TASK ITEM
For the material below, output exactly the span from the line with "weergave van het" to the line with "Made In India", including both, and nothing besides.

Start of Block

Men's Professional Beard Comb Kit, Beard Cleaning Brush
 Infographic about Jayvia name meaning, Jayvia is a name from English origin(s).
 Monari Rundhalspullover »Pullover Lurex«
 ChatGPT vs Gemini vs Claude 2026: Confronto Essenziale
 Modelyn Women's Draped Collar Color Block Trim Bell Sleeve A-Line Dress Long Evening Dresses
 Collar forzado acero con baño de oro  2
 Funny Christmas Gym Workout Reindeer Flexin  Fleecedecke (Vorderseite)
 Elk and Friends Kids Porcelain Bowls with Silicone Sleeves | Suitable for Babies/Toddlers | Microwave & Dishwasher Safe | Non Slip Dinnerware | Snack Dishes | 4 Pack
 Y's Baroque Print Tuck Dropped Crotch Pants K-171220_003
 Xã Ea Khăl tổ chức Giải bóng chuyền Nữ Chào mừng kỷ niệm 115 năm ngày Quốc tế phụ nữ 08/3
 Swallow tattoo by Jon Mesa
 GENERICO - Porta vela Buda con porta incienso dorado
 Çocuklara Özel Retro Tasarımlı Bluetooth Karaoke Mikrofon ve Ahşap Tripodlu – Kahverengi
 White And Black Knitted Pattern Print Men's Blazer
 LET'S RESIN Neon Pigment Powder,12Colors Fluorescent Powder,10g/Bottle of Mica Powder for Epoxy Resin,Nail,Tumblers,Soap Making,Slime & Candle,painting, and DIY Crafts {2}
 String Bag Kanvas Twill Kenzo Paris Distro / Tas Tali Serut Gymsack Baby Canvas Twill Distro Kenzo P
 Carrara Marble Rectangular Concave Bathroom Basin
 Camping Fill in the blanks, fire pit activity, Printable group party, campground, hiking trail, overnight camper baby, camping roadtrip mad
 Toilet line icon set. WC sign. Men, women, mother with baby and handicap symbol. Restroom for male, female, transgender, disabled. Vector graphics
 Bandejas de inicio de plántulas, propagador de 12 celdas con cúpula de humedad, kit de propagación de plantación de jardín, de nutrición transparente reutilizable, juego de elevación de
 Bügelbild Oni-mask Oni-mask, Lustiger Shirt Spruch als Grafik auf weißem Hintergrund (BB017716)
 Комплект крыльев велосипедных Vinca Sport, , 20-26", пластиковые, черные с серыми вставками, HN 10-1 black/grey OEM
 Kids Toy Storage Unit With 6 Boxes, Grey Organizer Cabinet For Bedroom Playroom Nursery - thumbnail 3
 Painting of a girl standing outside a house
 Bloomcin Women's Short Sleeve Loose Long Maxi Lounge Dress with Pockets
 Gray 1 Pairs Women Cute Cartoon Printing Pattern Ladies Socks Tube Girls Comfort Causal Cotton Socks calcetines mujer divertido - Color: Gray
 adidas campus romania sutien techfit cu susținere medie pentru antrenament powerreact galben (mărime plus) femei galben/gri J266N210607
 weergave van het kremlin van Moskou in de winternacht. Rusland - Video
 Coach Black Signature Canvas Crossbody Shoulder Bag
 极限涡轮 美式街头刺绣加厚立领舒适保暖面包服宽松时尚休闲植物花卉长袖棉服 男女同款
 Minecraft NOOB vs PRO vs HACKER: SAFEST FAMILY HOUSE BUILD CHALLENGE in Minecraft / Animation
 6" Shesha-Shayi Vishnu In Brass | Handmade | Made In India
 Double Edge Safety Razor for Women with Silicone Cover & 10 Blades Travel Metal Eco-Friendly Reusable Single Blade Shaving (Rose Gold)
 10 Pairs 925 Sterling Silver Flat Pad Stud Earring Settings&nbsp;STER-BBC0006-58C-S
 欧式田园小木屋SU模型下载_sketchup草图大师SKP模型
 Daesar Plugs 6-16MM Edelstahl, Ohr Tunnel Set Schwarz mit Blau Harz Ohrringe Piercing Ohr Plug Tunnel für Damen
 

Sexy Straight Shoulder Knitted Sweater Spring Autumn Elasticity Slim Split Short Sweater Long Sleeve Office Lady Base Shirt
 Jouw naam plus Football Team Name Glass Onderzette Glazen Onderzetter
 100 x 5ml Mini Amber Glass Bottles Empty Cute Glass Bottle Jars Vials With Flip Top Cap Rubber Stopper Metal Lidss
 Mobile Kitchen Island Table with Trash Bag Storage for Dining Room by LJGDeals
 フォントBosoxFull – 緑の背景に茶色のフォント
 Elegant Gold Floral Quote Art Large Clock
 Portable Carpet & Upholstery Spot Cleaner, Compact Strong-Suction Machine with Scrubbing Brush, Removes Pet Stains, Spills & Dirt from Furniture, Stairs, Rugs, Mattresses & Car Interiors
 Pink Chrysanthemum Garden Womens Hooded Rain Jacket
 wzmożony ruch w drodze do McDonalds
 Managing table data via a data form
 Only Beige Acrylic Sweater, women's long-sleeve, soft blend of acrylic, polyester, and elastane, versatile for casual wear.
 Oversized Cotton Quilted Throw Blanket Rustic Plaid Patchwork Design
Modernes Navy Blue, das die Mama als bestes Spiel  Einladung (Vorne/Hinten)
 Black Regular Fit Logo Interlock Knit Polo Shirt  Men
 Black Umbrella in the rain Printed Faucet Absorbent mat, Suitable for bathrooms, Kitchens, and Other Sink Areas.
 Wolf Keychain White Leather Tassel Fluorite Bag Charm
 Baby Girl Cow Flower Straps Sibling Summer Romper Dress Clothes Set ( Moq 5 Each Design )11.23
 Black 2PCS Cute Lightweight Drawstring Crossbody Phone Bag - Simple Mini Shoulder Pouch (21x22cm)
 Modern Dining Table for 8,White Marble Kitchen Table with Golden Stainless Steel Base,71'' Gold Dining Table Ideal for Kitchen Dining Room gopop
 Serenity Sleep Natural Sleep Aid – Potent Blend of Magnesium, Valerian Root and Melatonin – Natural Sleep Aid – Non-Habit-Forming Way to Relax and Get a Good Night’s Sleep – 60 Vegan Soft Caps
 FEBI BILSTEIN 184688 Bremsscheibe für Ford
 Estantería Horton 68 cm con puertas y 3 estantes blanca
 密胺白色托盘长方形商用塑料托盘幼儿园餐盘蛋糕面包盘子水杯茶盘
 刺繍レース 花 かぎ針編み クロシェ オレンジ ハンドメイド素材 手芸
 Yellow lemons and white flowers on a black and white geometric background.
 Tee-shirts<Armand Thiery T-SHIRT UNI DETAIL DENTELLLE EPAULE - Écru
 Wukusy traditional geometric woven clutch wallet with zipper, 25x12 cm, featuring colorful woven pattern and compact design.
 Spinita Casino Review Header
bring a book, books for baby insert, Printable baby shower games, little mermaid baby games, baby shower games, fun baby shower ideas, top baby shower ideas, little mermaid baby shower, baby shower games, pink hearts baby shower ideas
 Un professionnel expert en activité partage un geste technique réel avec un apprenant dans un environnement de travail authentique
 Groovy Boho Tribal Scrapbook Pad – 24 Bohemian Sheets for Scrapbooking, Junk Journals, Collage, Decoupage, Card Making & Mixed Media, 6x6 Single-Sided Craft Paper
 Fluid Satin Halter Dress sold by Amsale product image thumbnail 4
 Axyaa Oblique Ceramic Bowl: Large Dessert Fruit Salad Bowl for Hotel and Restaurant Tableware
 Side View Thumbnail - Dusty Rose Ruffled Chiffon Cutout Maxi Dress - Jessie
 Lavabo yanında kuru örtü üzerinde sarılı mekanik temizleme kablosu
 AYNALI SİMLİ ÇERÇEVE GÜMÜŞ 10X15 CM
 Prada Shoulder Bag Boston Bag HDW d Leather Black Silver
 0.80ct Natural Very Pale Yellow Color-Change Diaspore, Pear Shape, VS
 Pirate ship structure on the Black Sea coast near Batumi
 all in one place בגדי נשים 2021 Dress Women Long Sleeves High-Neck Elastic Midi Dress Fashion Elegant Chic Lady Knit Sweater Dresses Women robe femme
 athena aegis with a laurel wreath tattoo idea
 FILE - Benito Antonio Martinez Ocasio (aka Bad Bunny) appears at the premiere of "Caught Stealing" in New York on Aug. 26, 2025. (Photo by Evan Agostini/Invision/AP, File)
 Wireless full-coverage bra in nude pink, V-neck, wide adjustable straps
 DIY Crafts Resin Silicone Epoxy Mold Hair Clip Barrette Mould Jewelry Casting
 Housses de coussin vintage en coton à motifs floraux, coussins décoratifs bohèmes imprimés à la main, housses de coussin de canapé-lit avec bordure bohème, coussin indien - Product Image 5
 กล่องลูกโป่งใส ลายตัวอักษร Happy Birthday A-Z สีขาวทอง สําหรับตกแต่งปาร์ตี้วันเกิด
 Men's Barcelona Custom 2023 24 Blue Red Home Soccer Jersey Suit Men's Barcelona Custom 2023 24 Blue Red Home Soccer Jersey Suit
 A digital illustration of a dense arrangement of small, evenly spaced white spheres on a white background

End of Block

RESULT
 weergave van het kremlin van Moskou in de winternacht. Rusland - Video
 Coach Black Signature Canvas Crossbody Shoulder Bag
 极限涡轮 美式街头刺绣加厚立领舒适保暖面包服宽松时尚休闲植物花卉长袖棉服 男女同款
 Minecraft NOOB vs PRO vs HACKER: SAFEST FAMILY HOUSE BUILD CHALLENGE in Minecraft / Animation
 6" Shesha-Shayi Vishnu In Brass | Handmade | Made In India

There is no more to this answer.